▶ [GIVEN ENTRIES]:
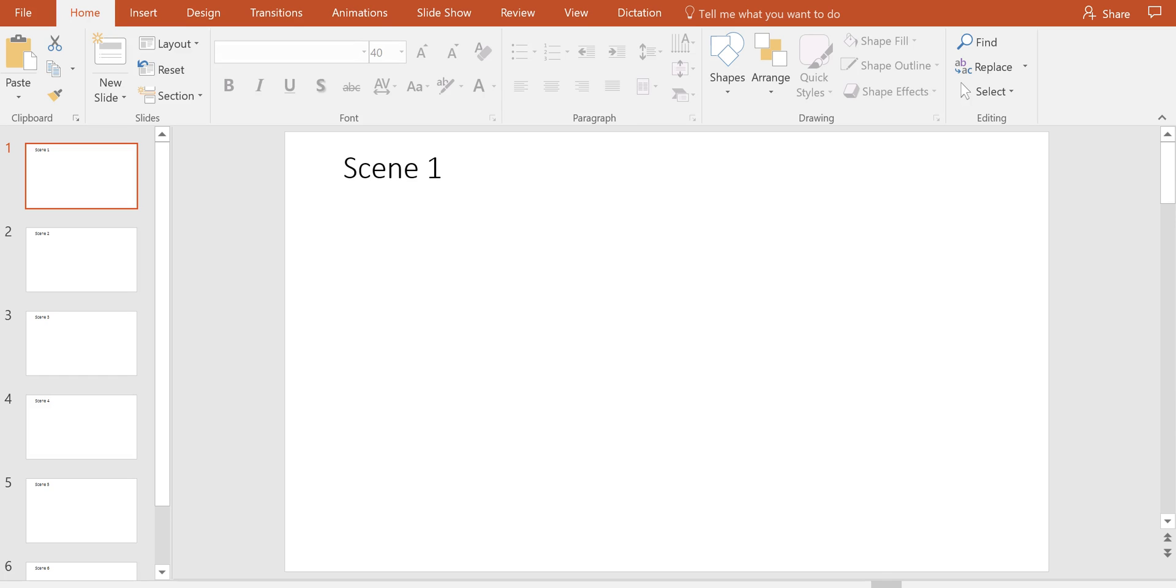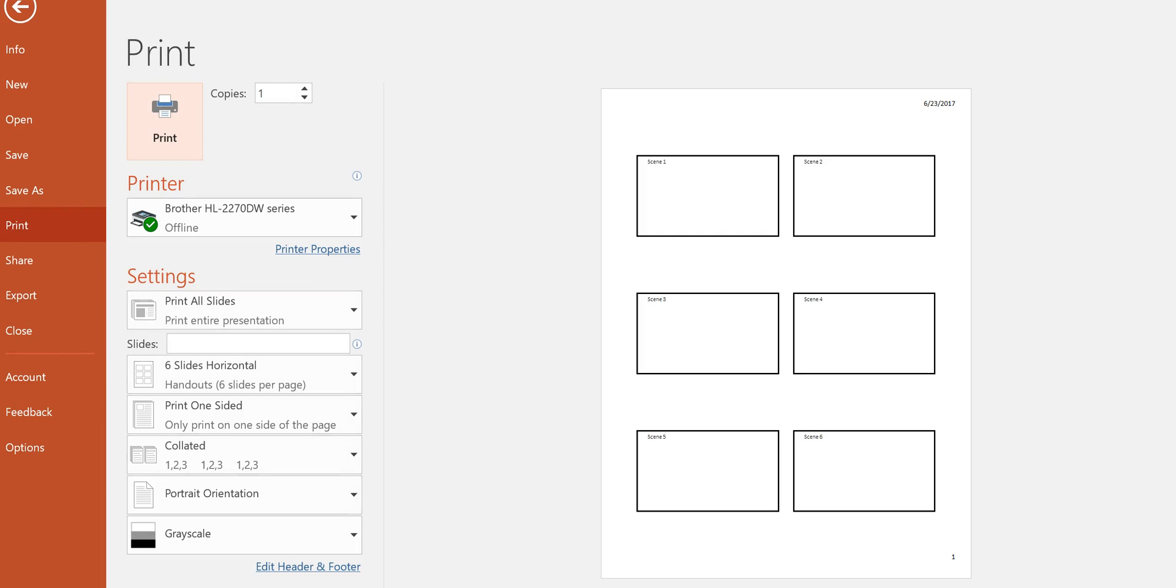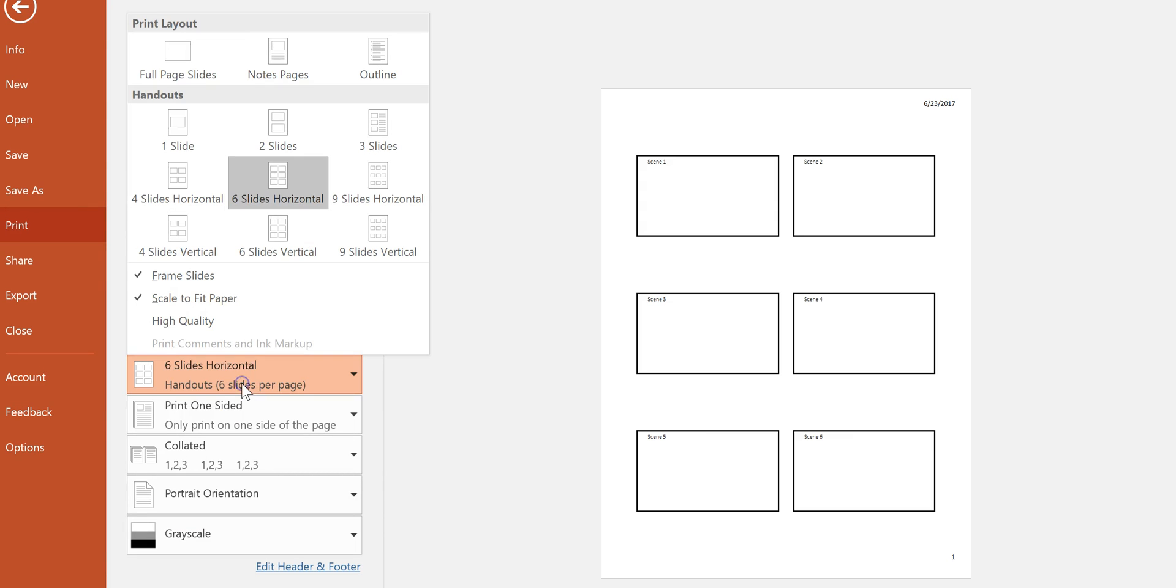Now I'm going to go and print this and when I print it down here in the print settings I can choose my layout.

* * *

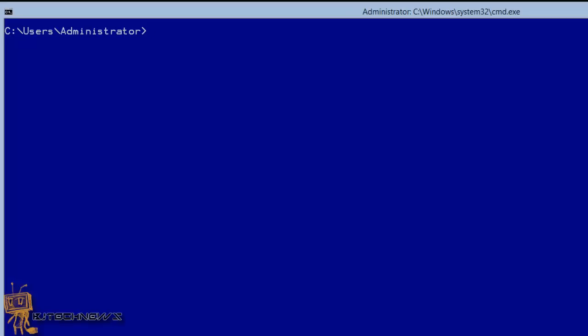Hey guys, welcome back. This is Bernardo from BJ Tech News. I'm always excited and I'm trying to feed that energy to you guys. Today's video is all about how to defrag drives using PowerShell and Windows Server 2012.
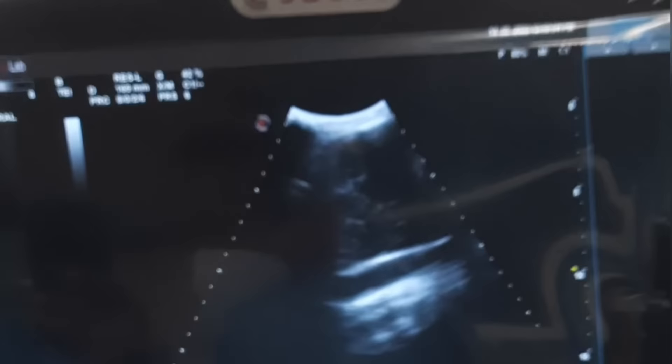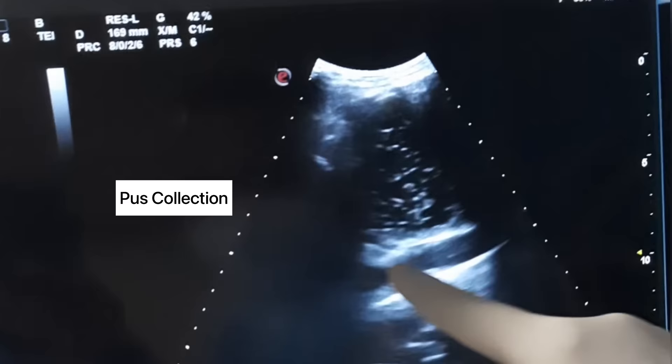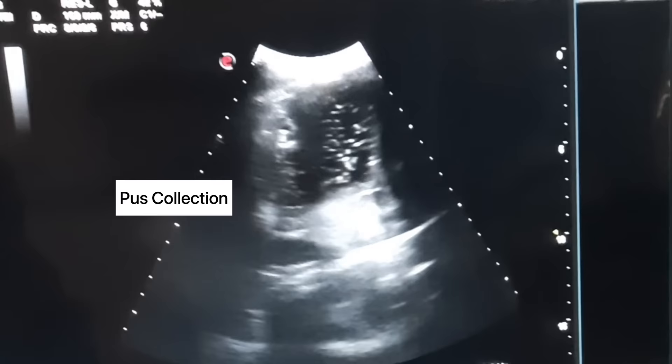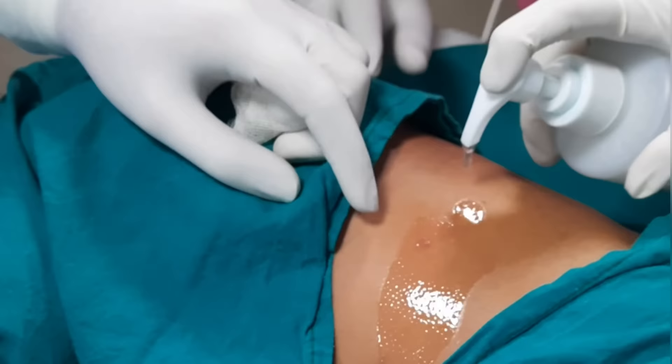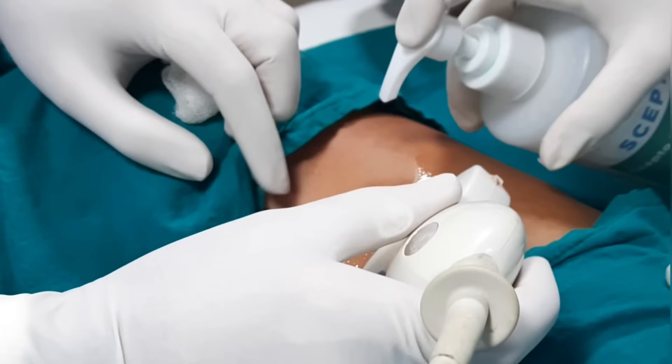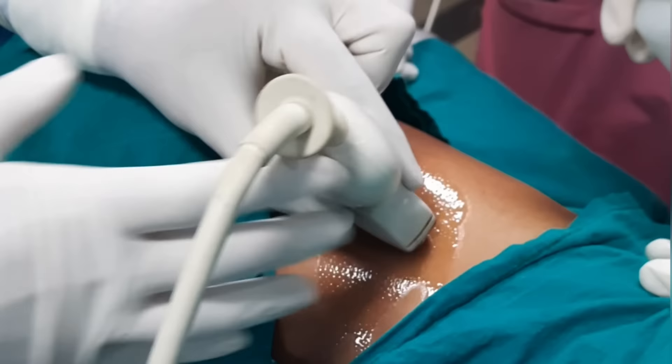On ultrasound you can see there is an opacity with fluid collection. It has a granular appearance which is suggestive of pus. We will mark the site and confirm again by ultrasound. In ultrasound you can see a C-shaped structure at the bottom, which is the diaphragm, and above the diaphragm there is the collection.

▶ [WORK REQUIRED]: Exercise for the records above: copy only the lines from the one with "Hey guys, welcome" to the one with "On ultrasound you", both ends kept, and drop the pictures.

▶ [RESULT OF THIS TASK]:
Hey guys, welcome back. This is Bernardo from BJ Tech News. I'm always excited and I'm trying to feed that energy to you guys. Today's video is all about how to defrag drives using PowerShell and Windows Server 2012.
On ultrasound you can see there is an opacity with fluid collection. It has a granular appearance which is suggestive of pus. We will mark the site and confirm again by ultrasound. In ultrasound you can see a C-shaped structure at the bottom, which is the diaphragm, and above the diaphragm there is the collection.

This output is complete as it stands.